De ce fait, un roi doit se forger comme un instrument destiné à assurer la prospérité. On lit dans l'Arthashastra :
« Les freins à la prospérité sont : la passion, la colère, la nervosité, la pitié, la timidité, la bassesse, l'arrogance, une nature compatissante, de la considération pour l'autre monde, la bigoterie ».
« Car, si l'un des trois [buts de la vie], le bien spirituel, le bien-être matériel et le plaisir sensuel, est recherché à l'excès, il se trouve compromis, et par là même compromet les trois autres. »
Cela est vrai aussi pour les ministres. Dans son Testament Politique, le ministre Richelieu écrit à ce propos :
« La probité d'un ministre public ne supporte pas une conscience craintive et scrupuleuse, au contraire il n'y a rien de plus dangereux au gouvernement de l’État, vu qu'ainsi que du manquement de conscience il peut arriver beaucoup d'injustices et de cruautés ; le scrupule peut produire beaucoup d'émotions et d'indulgences préjudiciables au public, et qu'il est très certain que ceux qui tremblent aux choses les plus assurées, par la crainte de se perdre, perdent souvent les Etats lorsqu'ils pourraient se sauver avec eux. »
Ici la politique naît avec l’État dans sa forme la plus structurée, qui décide et détient la souveraineté. Il agit de manière « scientifique », avec comme but la prospérité, sans parti pris quant à ce qui est bien ou mal.
L’État moderne se fonde sur l'organisation de toute la société, qui doit obéir au souverain, la « figure » de l’État, qui doit lui-même se subordonner à l' « art » de la politique.
Le siège de la Rochelle, orchestré directement par le ministre Richelieu de septembre 1627 à octobre 1628, est un exemple particulièrement cruel.

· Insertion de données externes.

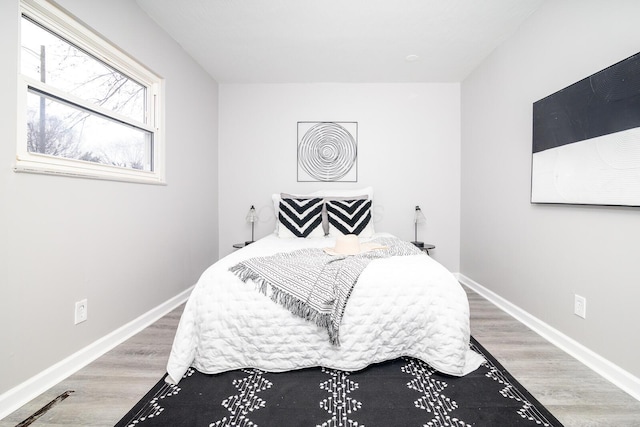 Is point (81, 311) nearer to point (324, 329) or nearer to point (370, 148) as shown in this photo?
point (324, 329)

Cette ville était l'une des plus peuplées de France, avec ses 30 000 habitants.
Le principal bastion protestant a ainsi été encerclé, isolé par 12 kilomètres de fortifications, 11 forts et 18 redoutes. Même l'accès à la mer était défendu par un mur maritime de 1400 mètres, construit sur des épaves lestées par un remblai.
A la fin du siège, les vieillards, les femmes et les enfants furent expulsés de la ville et moururent dans les tranchées, puis les 5000 combattants finirent par se rendre après 14 mois de siège.
Tel était le prix de l'intérêt national : la cruauté est une composante du devoir de l’État. Dans ses mémoires, Richelieu explique en ces termes le sens de ce siège :
« Il étoit vrai que si le Roi ne prenoit La Rochelle cette fois-ci, il ne la prendroit jamais, et les Rochelois et les huguenots seroient plus insolens que jamais, et que tous les ans on auroit la guerre par les huguenots et les grands factieux, la plupart desquels, et tous les petits qui vouloient faire fortune dans la confusion, appréhendoient qu’elle fût prise, autant que l’Angleterre, l’Espagne et tous les princes voisins ; mais que si le Roi la prenoit, il auroit la paix pour jamais ; que sa réputation passeroit celle de ses prédécesseurs ; qu’il seroit le plus puissant roi de l’Europe, et arbitre des affaires de la chrétienté ; que, sans doute, un tel dessein seroit beaucoup traversé, qu’il y trouveroit beancoup de difficultés, mais qu’il étoit certain que, s’il persévéroit, il l’emporteroit ...
Alors on entreprit, à bon escient, le siège de La Rochelle. »
Nous sommes ici au cœur de la « raison d’État ».